A Beginner's Guide to Vectorization By Hand: Part 3

August 28, 2021

We're continuing our expendition to the world of manual vectorization. In this part, we will explain the most common technique for vectorizing conditional code (usually referred as if-conversion). Here's the first part of this series. If you know nothing about vectorization, you probably want to take a look at it.

What is Conditional Code ?

Conditional (a.k.a branching) code is one that contains conditions, i.e., code that depends on conditions. For example, consider the code below:

if (c) {
  a = 2;
}

The code snippet a = 2 depends on the condition if (c). Code snippets that do not have conditions are usually called "branchless".
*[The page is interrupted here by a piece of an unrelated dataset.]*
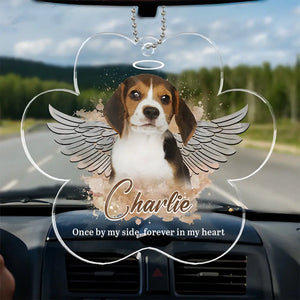 Photo personnalisée : votre souvenir illuminera à jamais nos journées - Ornement de voiture personnalisé commémoratif - Forme personnalisée en acrylique - Nouveauté, cadeau de condoléances pour les propriétaires d'animaux, les amoureux des animaux AMZ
Why Vectorizing Conditional Code is Hard ?

Let's start with the basics: It's not difficult to vectorize all conditional code. Difficulty arises when each lane of the vector output is computed based on some condition that is not the same across all lanes. To understand that, consider the loop below:

float a[VECTOR_WIDTH];
float b[VECTOR_WIDTH];
float out[VECTOR_WIDTH];
// Fill the arrays
if (cond) {
  for (int i = 0; i < VECTOR_WIDTH; ++i)
    out[i] = a[i] + b[i];
}

If cond is non-zero, we do an element-by-element addition and save into out. Otherwise, out stays as it was. The important thing here is that either we do the addition for all the elements of a and b or for none. This conceptual idea is aligned with vectorized operations. A vectorized operation happens either for all the lanes or none. So, it is pretty easy to vectorize the code above, as shown below:

__m128 a_vector = _mm_loadu_ps(&a[0]);
__m128 b_vector = _mm_loadu_ps(&b[0]);
if (cond) {
  __m128 res = _mm_add_ps(a_vector, b_vector)
  _mm_storeu_ps(&out[0], res);
}

First, we used some slightly different intrinsics here because we're dealing with floating-point numbers. But the logic is the same and in this article floats will make our life easier.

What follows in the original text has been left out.